— To do —
Skip the pictures. Transcribe exactly the lines from the line containing "Volkswagen Golf 2.0TDI" to the end of the listing.

— Collected material —
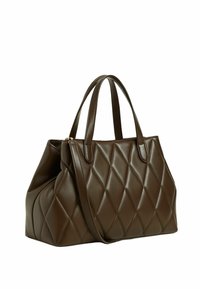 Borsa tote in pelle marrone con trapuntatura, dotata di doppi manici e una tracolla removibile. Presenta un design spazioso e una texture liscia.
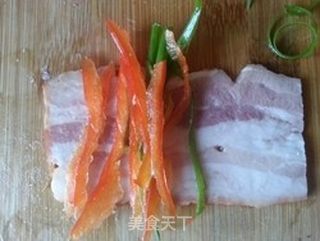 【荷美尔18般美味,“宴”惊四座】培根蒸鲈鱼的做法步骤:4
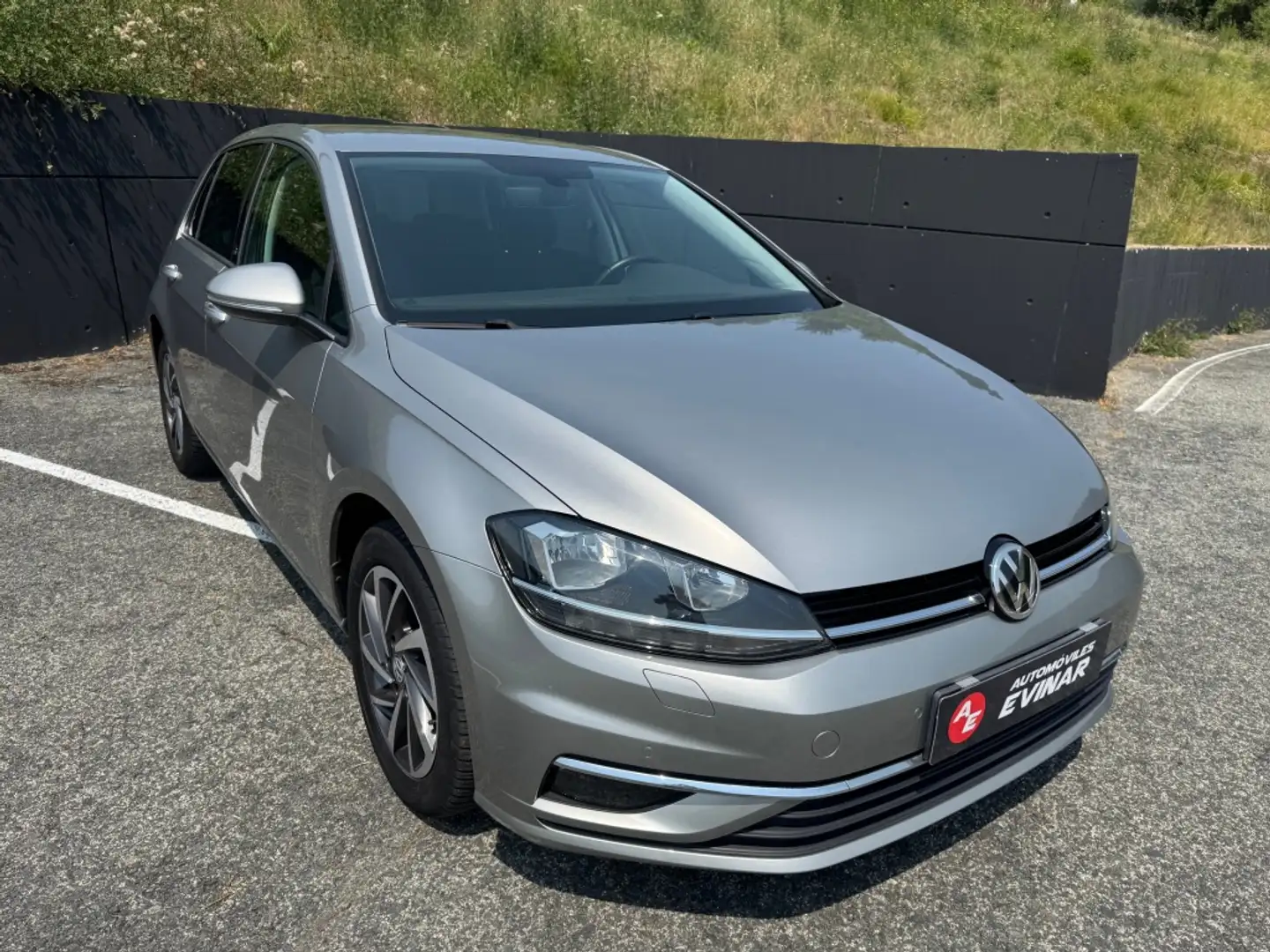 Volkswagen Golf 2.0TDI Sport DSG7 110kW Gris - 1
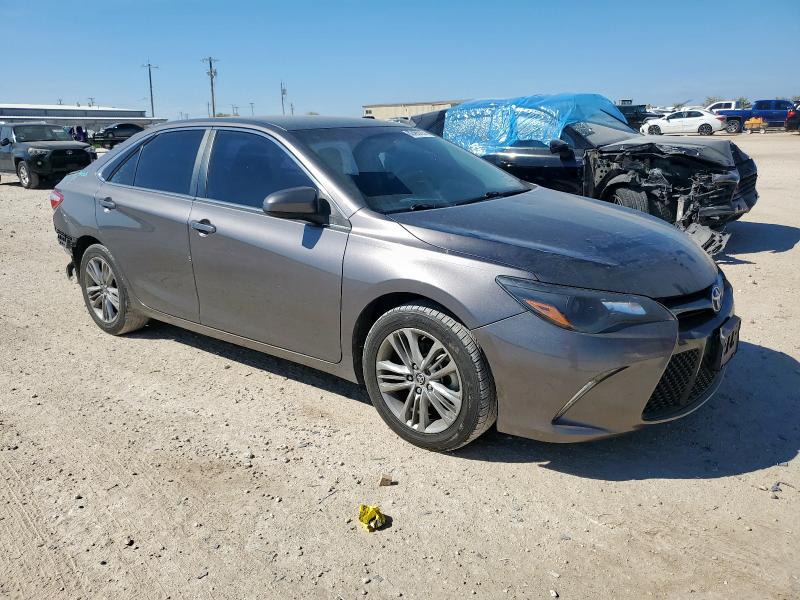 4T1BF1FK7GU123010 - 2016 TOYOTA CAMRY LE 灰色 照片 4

— Your solution —
 Volkswagen Golf 2.0TDI Sport DSG7 110kW Gris - 1
 4T1BF1FK7GU123010 - 2016 TOYOTA CAMRY LE 灰色 照片 4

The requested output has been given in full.